• Guest, The rules for the P & N subforum have been updated to prohibit "ad hominem" or personal attacks against other posters. See the full details in the post "Politics and News Rules & Guidelines."

Wow, Surprised at URE rating on Newer (non-Pro) Barracuda and (non-Pro) Iron Wolf drives

cbn

Lifer
Mar 27, 2009
12,968
221
106
While doing some research on URE ratings for various drives I was quite surprised to find a URE rating of 10^15 (1 per 10E15) for the plain jane Seagate Barracuda drives with SMR (i.e all current drives of this model 4TB and greater as well as some 3TB and 2TB) as well as the non-Pro Iron Worlf drives 6TB and greater. In contrast, the older Seagate Barracuda drives with Conventional magnetic recording (i.e some 3TB and 2TB models + all 1TB and 500GB) as well as the WD Red (non-Pro) have a URE rating of 10^14 (1 per 10E14).

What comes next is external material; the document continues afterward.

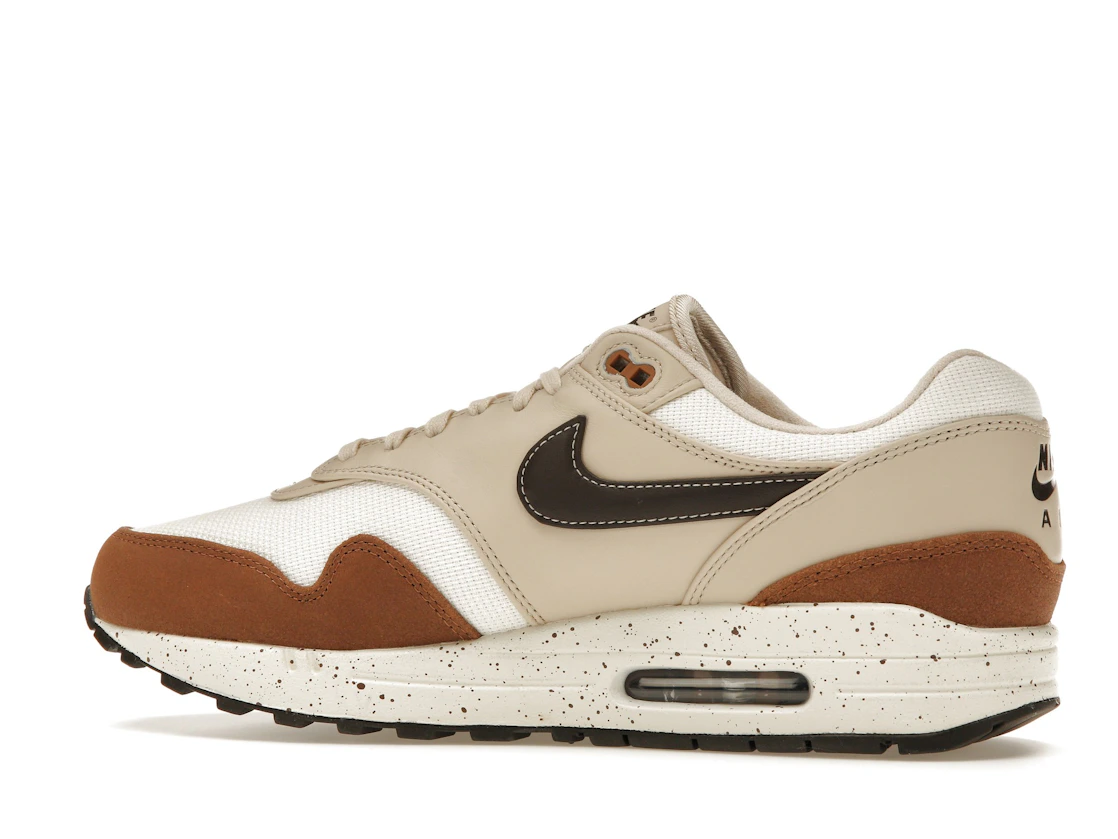 Vue 21 de Nike Air Max 1 '87 Velvet Brown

The significance of this, of course, is how much capacity can be used for RAID-5:

https://www.zdnet.com/article/why-raid-5-stops-working-in-2009/

https://www.zdnet.com/article/why-raid-5-still-works-usually/
 

Insert_Nickname

Diamond Member
May 6, 2012
4,023
608
126
I'd still advise against using RAID5. It's just not that fault tolerant, and very vulnerable during rebuild. Which for larger arrays can take a while (as in days). A URE of 10^15 is still only 125TB worth of writes. We already have 14TB drives, and 16TB have been announced.

Unless you're running some gigantic storage array, there isn't much point beyond RAID1 these days. Then there is the whole data quality issue with that much data.
 
  • Like
Reactions: beginner99

nosirrahx

Senior member
Mar 24, 2018
279
59
71
I agree with that. RAID 1 to mitigate downtime and then caching for performance. RAID 5 with massive drives is just asking for trouble and trouble is what RAID is supposed to help mitigate.
 
  • Like
Reactions: beginner99

Insert_Nickname

Diamond Member
May 6, 2012
4,023
608
126
Using a SMR drive in a RAID array would be idiotic IMO.
They're certainly not ideal for performance RAID. But why would anyone consider using RAID'ed HDDs for anything beyond bulk storage today, when SSDs are so cheap and cheerful? Even the lowliest BX500 will walk over any HDD by an order of magnitude.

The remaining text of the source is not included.